New i-Size carseat regulations explained!

Have you heard about the new iSize car seat regulations? It is a bit confusing trying to work out the ins and outs of it all, so Britax have kindly put together some information to help explain it all.

I have edited the following information slightly, so it fits in with the style of my blog. I have also added some extra clarification in places.

i-Size is a new regulation for child car seats, which will make it easier for parents to choose and install the right seat, and make travelling safer for children.

isize will run alongside the current regulations until 2018, when it will hopefully replace the current ECE R44/04 regulation.

One of the biggest changes parents need to be aware of, is how long a child should remain in a rearward facing car seat.  Under existing laws, parents can switch their baby from a rearward facing Group 0/0+ seat into a forward facing Group 1 seat when the baby reaches 9kg or approximately nine months.

The new i-Size regulation means parents have to keep their baby rearward facing until they are at least 15 months old. The move will be based on the size and age of the child, rather than just their weight.  The new length and age classifications will help to make it easier for parents to check that their child is ready to be moved to the next stage car seat.

The new regulation also reinforces the use of ISOFIX seats, which are easier to fit correctly and safely compared to those secured with the car seat belt. Only one third of belted seats are fitted correctly, which can have serious implications in the event of a crash*.  Side impact collisions are one of the most serious types of collisions on the roads** For car seats to adhere to the new regulations, they must pass the newly introduced side impact safety standards.

Why is this regulation coming into force?  There are a number of reasons. In a nutshell, many parents are too keen to move their babies to forward facing, rather than waiting until they have actually outgrown the seat.  Many parents are also unaware babies are much safer rearward facing in the event of a collision.

When they weigh below 13kg, a baby’s neck is not very strong and keeping your baby rearward facing for as long as possible (at least 15 months) will help protect their vulnerable neck in a frontal crash situation.

Evidence has built up on this from crash testing. On the back of this, the EU has introduced i size to keep babies rearward facing until 15 months.

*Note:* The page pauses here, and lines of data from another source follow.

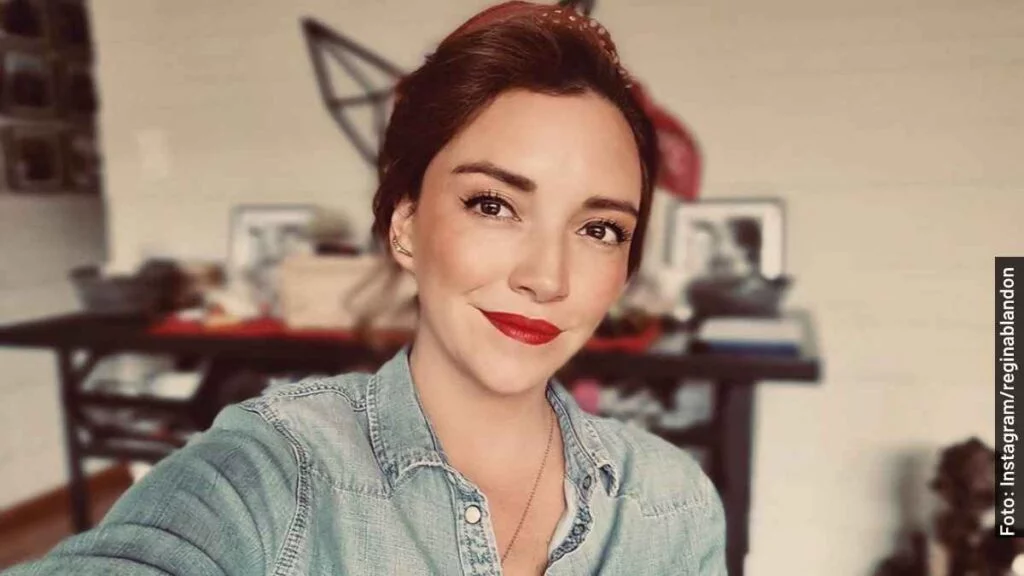 regina blandón me caigo de risa
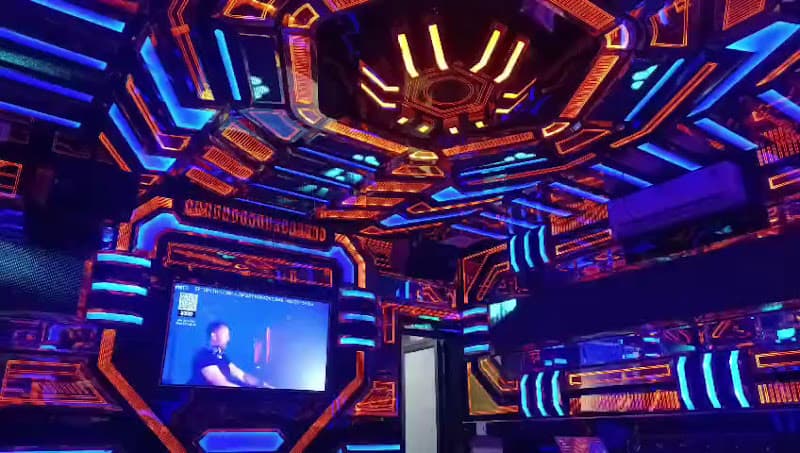 Hình ảnh Karaoke Thượng Hải KTV - Tây Sơn 上海 - 8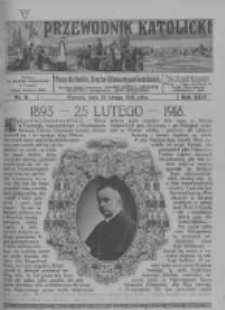 Przewodnik Katolicki. 1918 R.24 nr8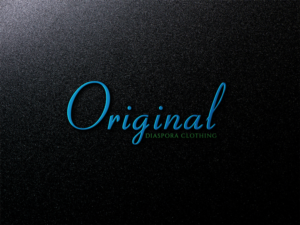Logo Design by appledesign 3 for Original Diaspora Clothing Company | Design: #19766761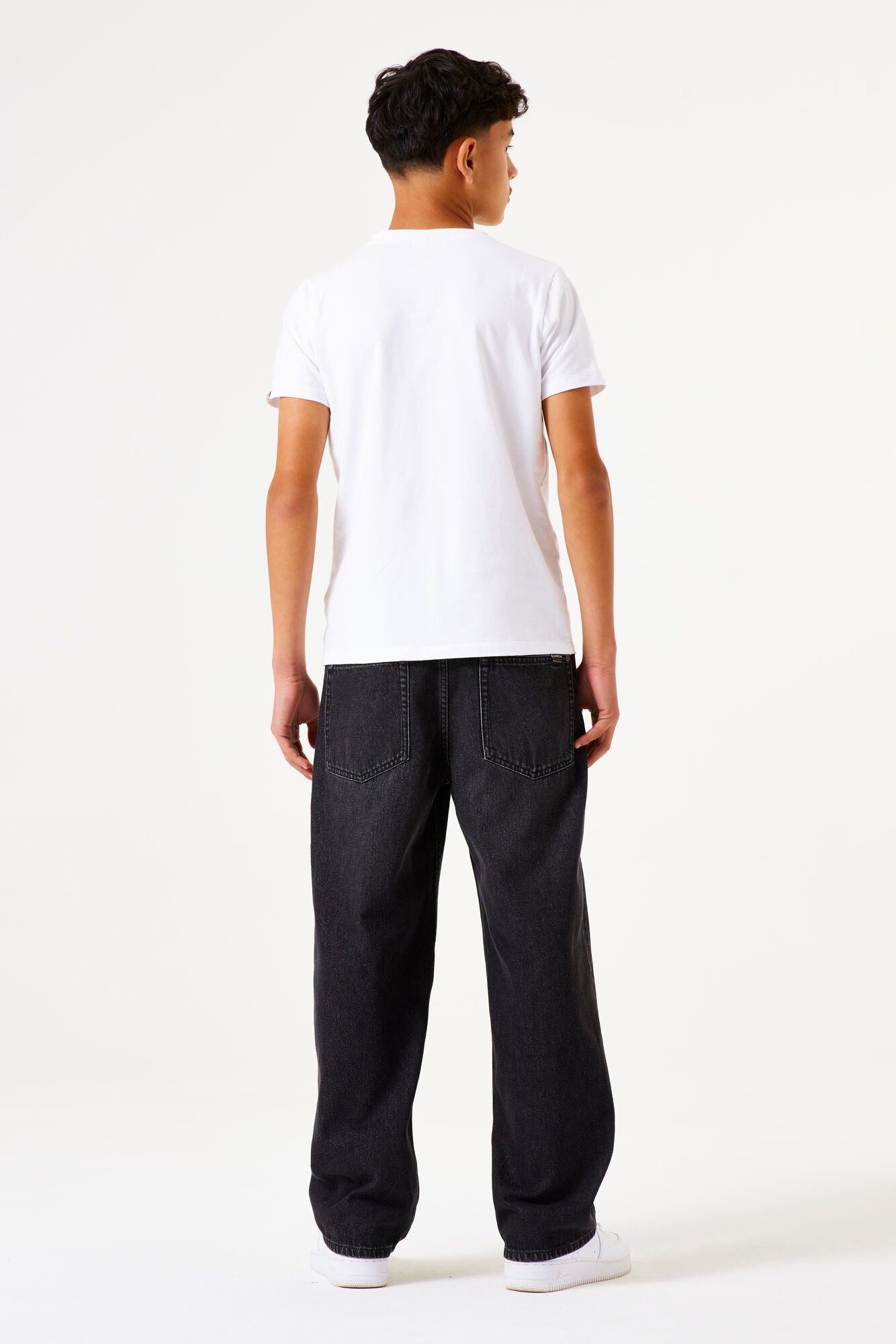 Garcia Straight-Jeans JAYSEN im Five-Pocket Style, for Boys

BRITAX have strongly supported the development of i-Size right from the very beginning.

How does i-size affect you?  As soon as i-Size approved car seats are on the market, parents can choose between a seat which abides by the older ECE R44/04 regulation or i-Size. The current ECE R44/04 regulation is not being immediately replaced by i-Size. It will continue in tandem until 2018. The introduction of i-Size means that consumers now have an extra option when buying a car seat for their baby/toddler.

When should you change to forward facing?
Here are some guidelines on switching:
Don’t do it just because your baby’s feet are pushed against the car’s back seat.

Wait until your baby is closer to, or ideally at, the maximum age for their rearward facing seat than the minimum weight (9kg) for the front facing seat.

BUT do move your baby if their head is protruding over the top of the Group 0/0+ seat. If your child outgrows the seat in height but has not reached the minimum weight for a Group 1 seat, you should invest in a combination Group 0+ & 1 seat. That is the safest option.

*Farid Bendjellal, 6th International Conference on Protection of Children in Cars – Munich 2008

“Child Car Passenger Fatalities – European Figures and In-Depth Study”;
Alan Kirk; Loughborough University, UK; Conference: Protection of
children in cars, Muncih, 2011

DUALFIX and MAX-FIX from BRITAX will allow your child to travel rearward facing from birth, until they reach 18kg.

What is the current UK law when it comes to car seat safety?

The law requires all children to travel in an appropriate child restraint until they reach 135 cm tall or their 12th birthday – whichever comes first. It is the driver’s responsibility to ensure this is adhered to.

Under existing UK laws, parents can switch their baby from their rearward facing Group 0&0+ seat into a forward facing one when they reach 9kg (around nine months old).

The new regulations, called ‘i-Size’, have come into force mid-July 2013. Parents who purchase a child car seat approved under i-Size will have to keep their baby in a rearward facing seat until they are 15 months old.

(PLEASE NOTE: You do not have to go out and replace your existing car seats! You can still choose to adhere to the old regulations until 2018, but the new i-size seats are the safer option).

This is not a sponsored post. I read. I liked. I shared. Simples.